When they drew close to shore, Maggie jumped out and started growling at Deke. The fugitive drew a bead on the dog.
“Don’t,” Roarke yelled, standing up. “You crazy?!”
Roarke flung a life preserver at Deke just as he squeezed off a shot, deflecting his aim. The bullet zipped harmlessly into the river beside Maggie.
Tom bellowed, “Maggie! … Get out of here!”
Maggie turned to her master to protest and whimpered.
Deke fired a second shot, missing by inches. He took aim a third time. Tom stood up and threw a coke can at the dog, yelled in a tone that promised discipline, “Maggie … go’won!”
Maggie whimpered a final time, and disappeared into the brush.
16
The canyon was as dark as ever that night, but the mood blackened it even more. Terry, holding the .22, sat on a log near the rive
r’s edge, watching Tom inflate the second raft with a foot pump. Tom’s hands were bound. Gail sat close to the campfire, one arm around Roarke. Deke sat nearby, calmly sipping a beer. The fire crackled and hissed. Tom finished inflating the raft, screwed the cap tight, and was ushered by Terry back to the fire. He sat down beside Gail.
Tom glared at Deke. “What’d you do to Peter and Jim?”
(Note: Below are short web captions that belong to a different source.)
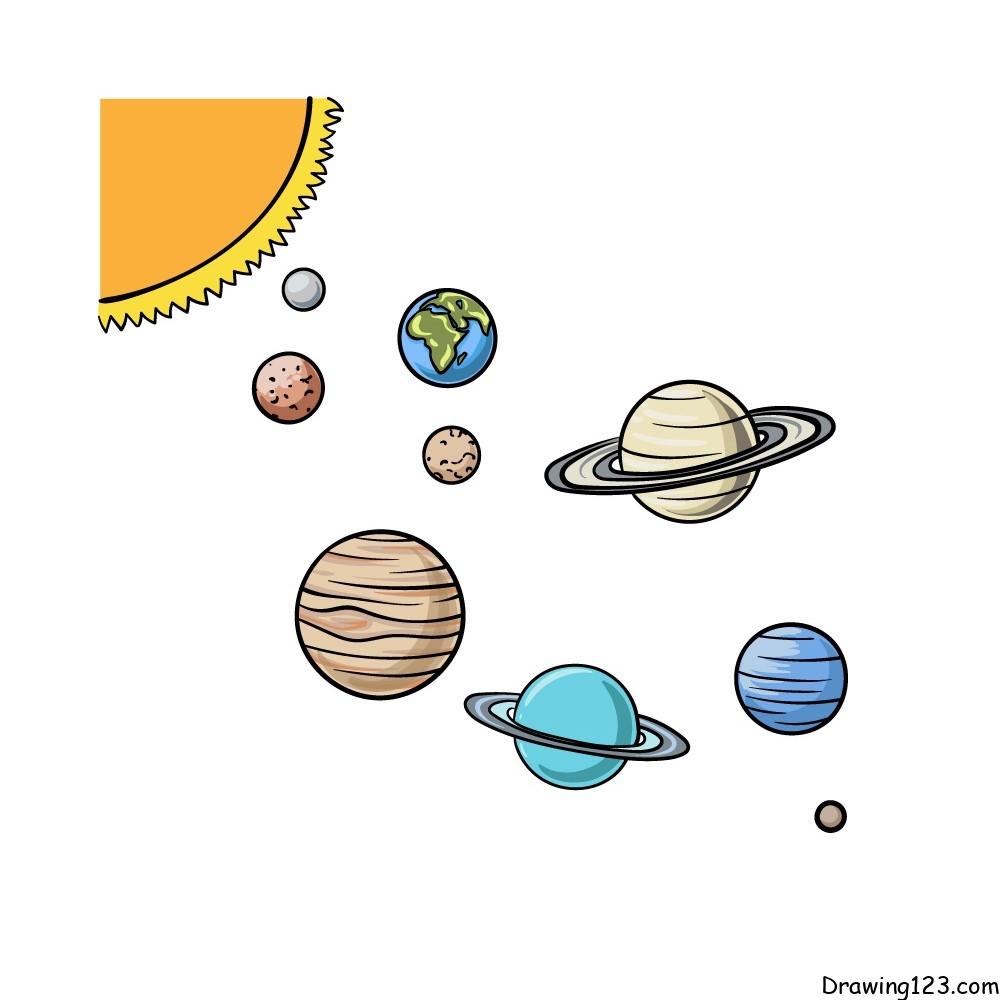 menggambar Tata surya
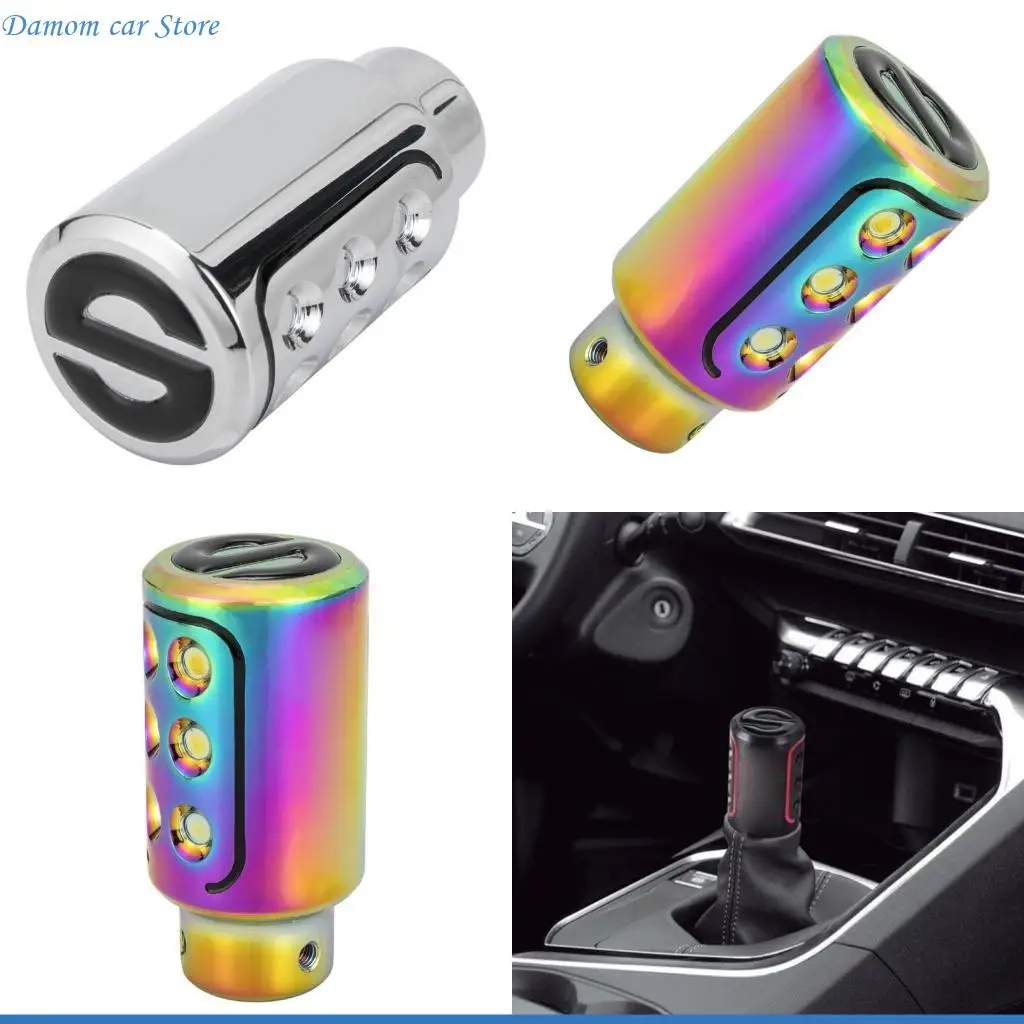 

A2UC Manual Gear Shifts Lever Knob Gearstick Handball Shifter Lever Handle Car Inner Enhancement Decoration Accessories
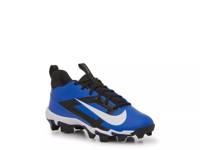 Alpha Menace 4 Shark Football Cleat - Kids' Royal Blue/White view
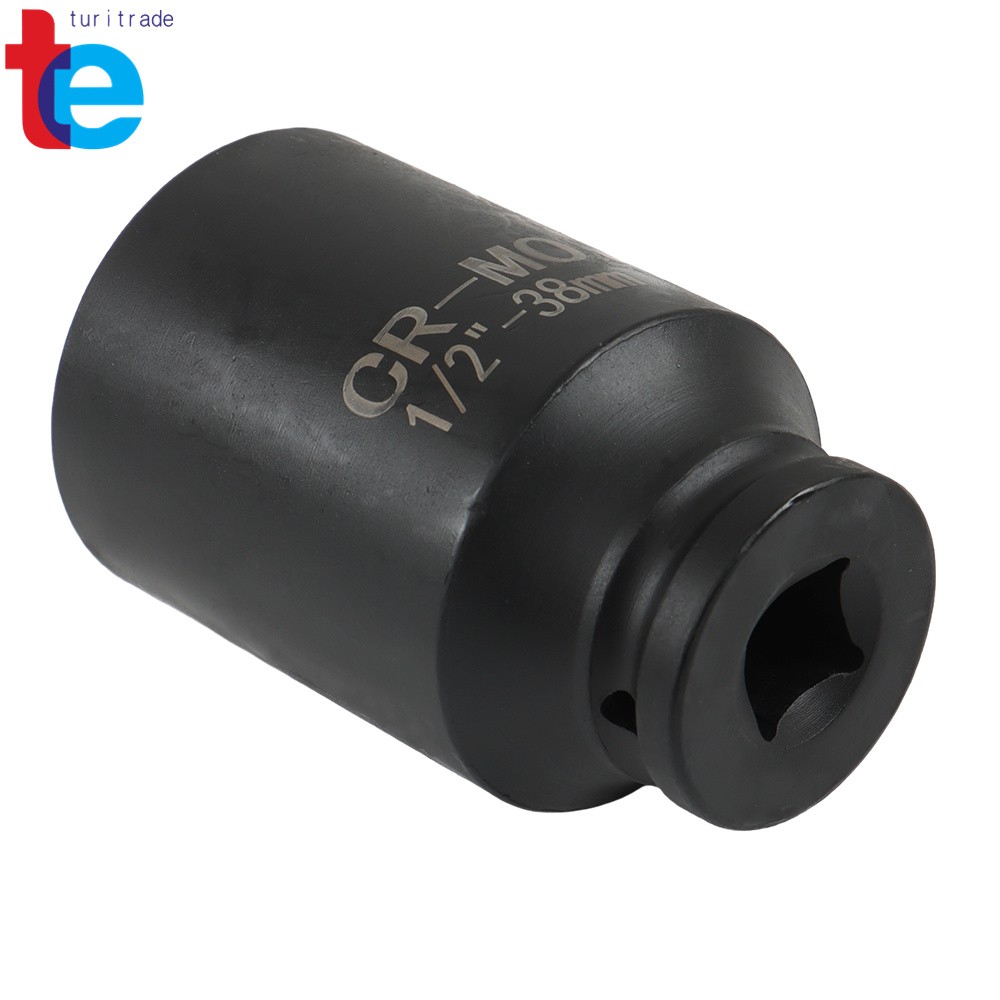 Deep Impact Socket Set 9Pcs 1/2" Drive Metric Axle Hub Nut Socket 29-38mm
“They’re not worrying about you,” Deke told him, “so don’t be worrying about them.”
Roarke looked at his mother, fear in his eyes. “They do something to Peter and Jim, Mom?”
Gail hugged him to her, kissed his head. “I don’t know, honey. I hope not.”
“What do you want, money?” Tom asked, eager to begin a negotiation that would spark a glimmer of a happy outcome.
Deke retrieved Jim’s wallet from his pocket and held up a handful of fifties. “Got plenty of that. Can’t spend it out here, anyway.” He wiggled free a credit card. “Got credit cards, too.” He angled the shiny front of the card in reflected firelight to read: “Jim Robertson. Expires 10-12-20. Not a good thing to be outlived by your credit card.”
Tears spilled from Gail’s eyes. She cradled Roarke’s head in her arms, pressed her head tight to his. She sobbed as she rocked him.
“Course, I don’t plan to take until 2020 to get out of here. Which is where you come in.” He stood, walked over to Gail and squatted in front of her. He reached into his pocket and pulled out a set of car keys. “We need to get our asses to that takeout, to the rental Jim and Peter had shuttled downriver. Do that for us, and nobody gets hurt.”
“You mean, nobody else,” Tom said.
Deke removed a switchblade from his boot and flicked it open. He ran the blade gently under Tom’s chin.